SOURCE MATERIAL: Begin
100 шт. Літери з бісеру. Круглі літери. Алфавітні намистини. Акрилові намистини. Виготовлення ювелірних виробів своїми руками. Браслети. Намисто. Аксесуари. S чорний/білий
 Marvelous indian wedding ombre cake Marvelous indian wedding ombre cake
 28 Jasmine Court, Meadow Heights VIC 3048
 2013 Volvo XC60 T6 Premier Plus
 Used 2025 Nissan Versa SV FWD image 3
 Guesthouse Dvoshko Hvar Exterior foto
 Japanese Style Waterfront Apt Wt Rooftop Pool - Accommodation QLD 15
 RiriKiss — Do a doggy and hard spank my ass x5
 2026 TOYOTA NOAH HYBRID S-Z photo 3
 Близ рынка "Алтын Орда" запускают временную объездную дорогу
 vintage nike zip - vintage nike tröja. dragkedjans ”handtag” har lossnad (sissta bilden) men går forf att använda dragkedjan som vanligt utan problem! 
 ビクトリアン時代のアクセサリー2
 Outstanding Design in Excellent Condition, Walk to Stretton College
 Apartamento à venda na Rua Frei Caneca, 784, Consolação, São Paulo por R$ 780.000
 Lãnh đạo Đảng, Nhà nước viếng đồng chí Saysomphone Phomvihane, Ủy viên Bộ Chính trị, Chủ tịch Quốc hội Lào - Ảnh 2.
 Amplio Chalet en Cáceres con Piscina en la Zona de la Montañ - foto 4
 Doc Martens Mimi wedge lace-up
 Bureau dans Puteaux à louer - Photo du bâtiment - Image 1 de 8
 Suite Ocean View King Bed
SOURCE MATERIAL: End
WHAT THIS TASK INVOLVES:
Check every line of the data, and copy the ones that contain "foto".

TASK RESULT:
 Guesthouse Dvoshko Hvar Exterior foto
 Amplio Chalet en Cáceres con Piscina en la Zona de la Montañ - foto 4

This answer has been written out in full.